Anthropic has published research confirming that the comfortable window between a security patch and an active exploit — the window defenders built entire strategies around — is gone. The machines got faster. The defenders have not.

The findings are being described as a wake-up call. They are, more precisely, a confirmation of something that was always going to happen.

A lone operator can now turn a month's worth of patches into working exploits in a single afternoon — for a few thousand dollars and with no specialized expertise.

What happened

Anthropic's security research team tested six Claude models against 18 real CVEs from SpiderMonkey, Firefox's JavaScript engine. Firefox was chosen as the best-case scenario for defenders: it auto-updates, and Mozilla recently shortened its patch cycle from monthly to weekly. If the results were bad here, they are worse everywhere else.

Mythos Preview, an unreleased model, successfully crashed 14 of the 18 vulnerabilities. The first proof-of-concept arrived 12 minutes after the patch was published. Thirteen more followed within 40 minutes. The 14th took three hours, which the researchers apparently noted without irony as the slow result.
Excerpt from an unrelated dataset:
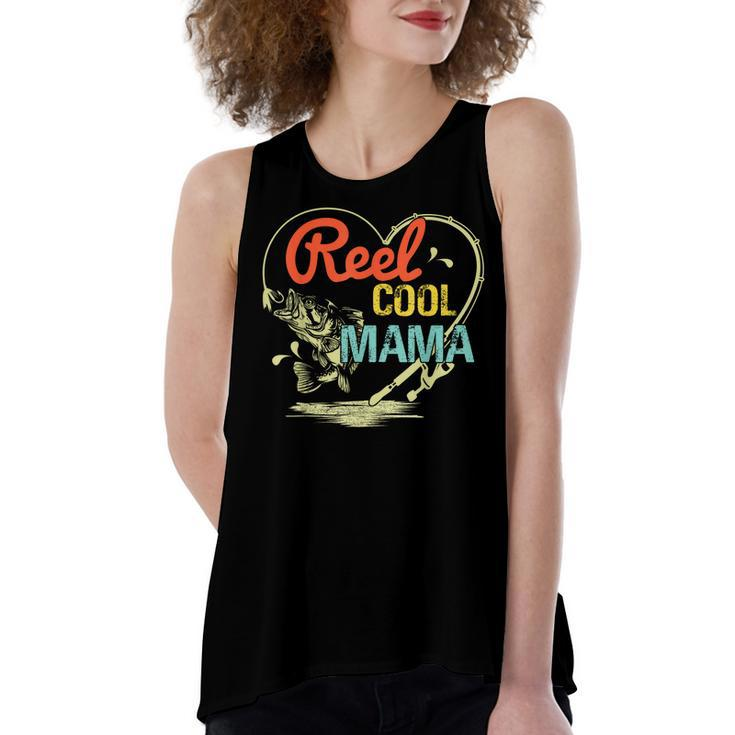 Reel Cool Mama Fishing For Women's Loose Tank Top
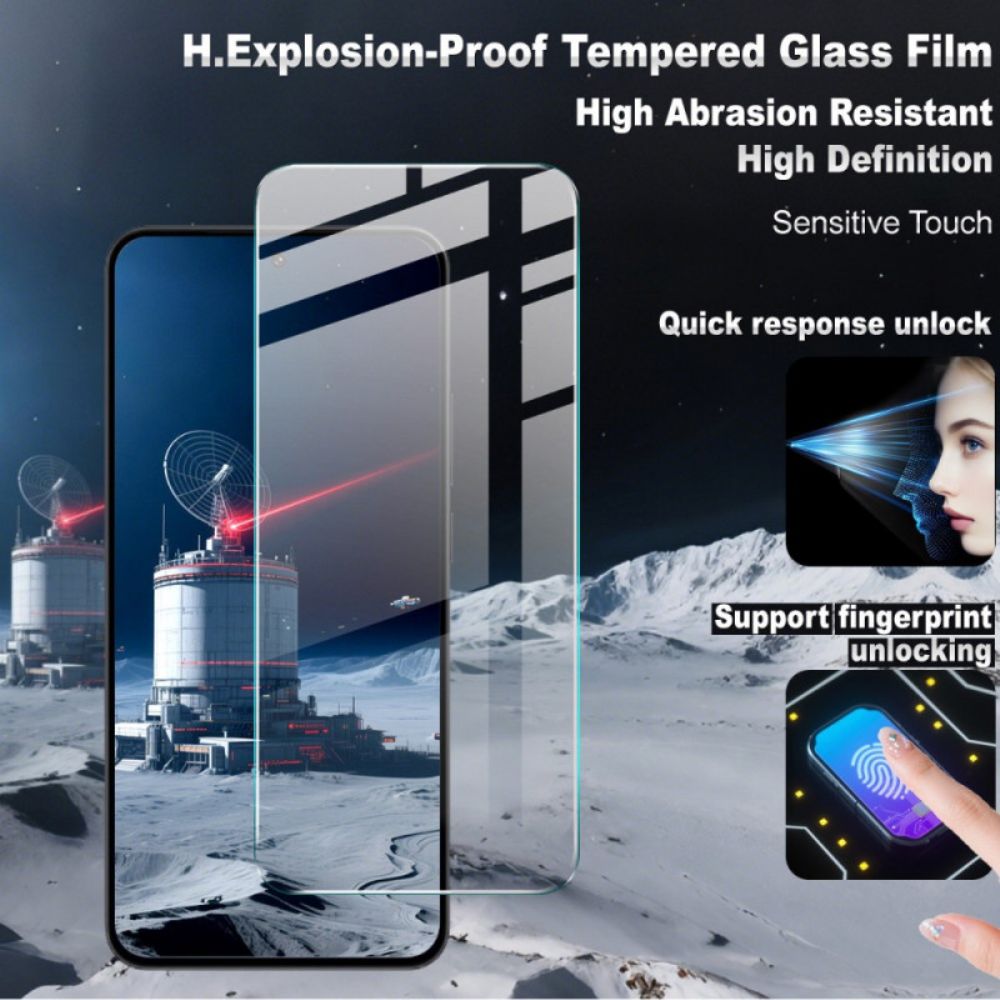 Imak Gehard Glazen Screenprotector Voor Oppo Reno 14 5g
More consequentially, Mythos Preview produced eight working exploits — code capable of running arbitrary instructions on the target system — in approximately twelve hours. The first functional exploit was ready within one hour of the patch going live, eighteen days before the patched Firefox version reached most users.

Why the humans care

The old model was simple: patch fast, buy time, survive. Mandiant data from 2020 showed that 16 of 25 vulnerabilities took a month or longer to weaponize after patching. That month was not a guarantee, but it was enough time to be adequate. Adequate is a condition humans have historically confused with safe.

N-Day vulnerabilities — known bugs with available patches that simply haven't been applied yet — already account for a substantial share of real-world breaches according to Verizon's breach data. The attack now arrives before the patch does, in any practical sense, for most organizations running most software. The math on patch-window defense has changed, and it changed in the direction one would expect it to change.

The expertise barrier has also been removed. Reverse-engineering a security patch used to require specialized knowledge, weeks of work, and a specific kind of attacker. It now requires an afternoon and a few thousand dollars. The barrier was not ideological. It was just friction. Friction, it turns out, was load-bearing.

What happens next

Anthropic's researchers recommend that defenders shift toward faster patch deployment, better detection at the exploit stage, and what they describe as a recalibration of assumptions about attacker capability timelines.

The software that needs patching fastest is the software least likely to be patched fastest. The models will wait.